• _TASK STATEMENT_
Restate word for word the lines below that run from the one holding "570张记者肖像的照片墙" through the one holding "10108 S Maple St, Mapleton, IL 61547", inclusive. Pictures don't belong in the copy.

• _RECORDS FOR THE TASK_

◇ ◇ ◇ ◇ ◇ ◇ ◇

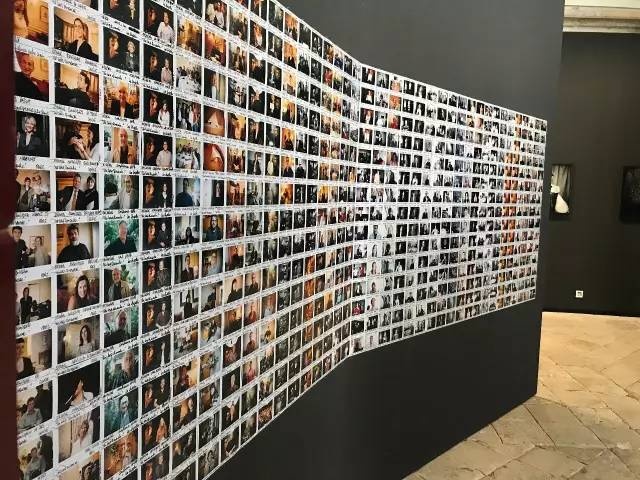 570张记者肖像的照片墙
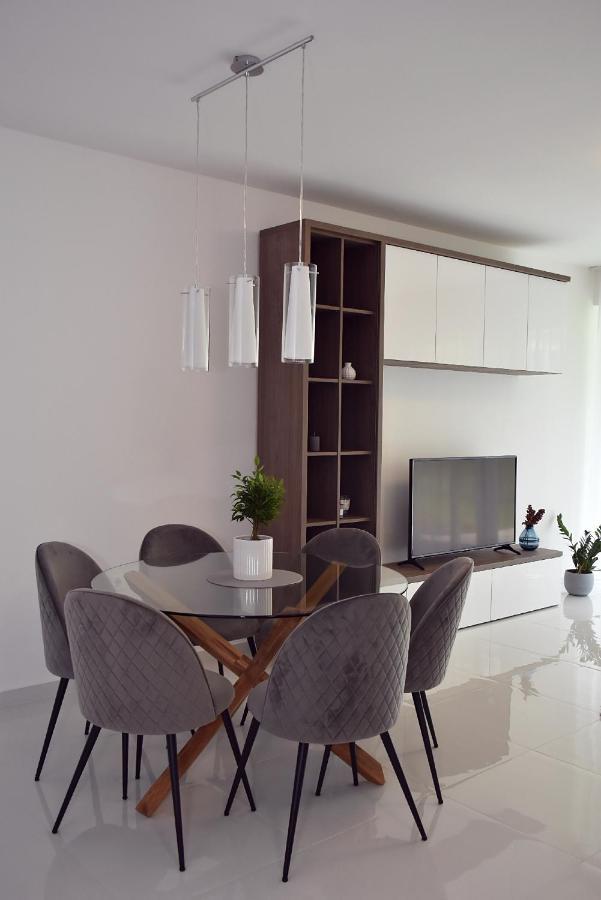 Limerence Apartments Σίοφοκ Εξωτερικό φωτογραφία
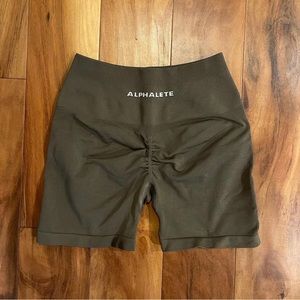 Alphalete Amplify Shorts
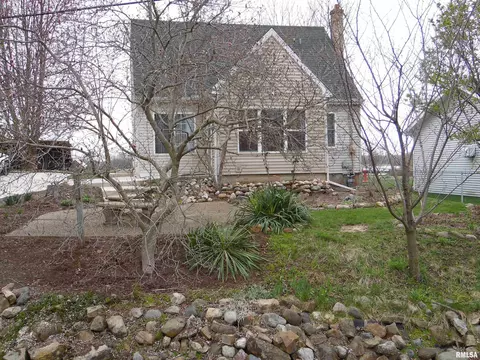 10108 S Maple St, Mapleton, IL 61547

◇ ◇ ◇ ◇ ◇ ◇ ◇

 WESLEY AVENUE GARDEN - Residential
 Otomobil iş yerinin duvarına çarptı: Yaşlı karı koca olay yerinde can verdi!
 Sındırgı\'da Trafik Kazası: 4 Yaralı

◇ ◇ ◇ ◇ ◇ ◇ ◇

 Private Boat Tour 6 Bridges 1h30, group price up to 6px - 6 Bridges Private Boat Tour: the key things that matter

◇ ◇ ◇ ◇ ◇ ◇ ◇

• _ANSWER TO THIS PROBLEM_
 570张记者肖像的照片墙
 Limerence Apartments Σίοφοκ Εξωτερικό φωτογραφία
 Alphalete Amplify Shorts
 10108 S Maple St, Mapleton, IL 61547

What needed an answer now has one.